Key differences with UserLM-8b simulations:

  • More diverse behavior — varied length, selective repetition of important info, omission of trivial details, occasional new constraints.
  • Lexical richness — rephrasing the same intent in many ways.
  • Pace variation — conversations ranged from 2 to 7 turns, reflecting different user “speeds.”

Impact on assistant success:

  • GPT-4o + GPT-4o simulator: 74.6% success rate.
  • GPT-4o + UserLM-8b simulator: 57.4% success rate.

That’s a 17-point drop, revealing hidden weaknesses that easy simulations gloss over.


Conclusion: Better User Simulation = Better Assistants

Prompting an assistant to “act like a user” is like asking a hammer to be a screwdriver — wrong tool, wrong job.

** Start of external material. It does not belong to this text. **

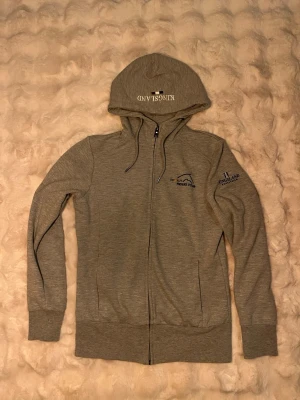 Kingsland kofta - Kingsland kofta med broderat tryck på. Nypris 1300kr den är använd enstaka gång så den är som ny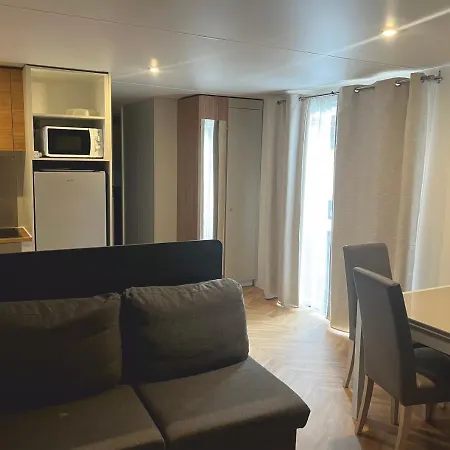 Grand Mobile-home 45m2 Au Calme Et Au Bord De *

Flipping the Dialogue shows how to create realistic, purpose-built User LMs. And the benefits are clear:

  1. Realistic evaluation — Stress-test assistants in messy, authentic scenarios.
  2. Richer training data — Diverse, natural conversations for fine-tuning assistants.
  3. Personalization potential — Extend to simulate users from specific demographics or domains.
  4. Preserve base models — The best User LMs start from neutral base checkpoints, emphasizing the need for open-source base model releases.

Investing in better user simulators doesn’t just improve testing — it shapes the development of assistants that can handle the unpredictable rhythm and style of genuine human conversation. If we want AI partners that thrive in the real world, we need to first teach them to navigate it.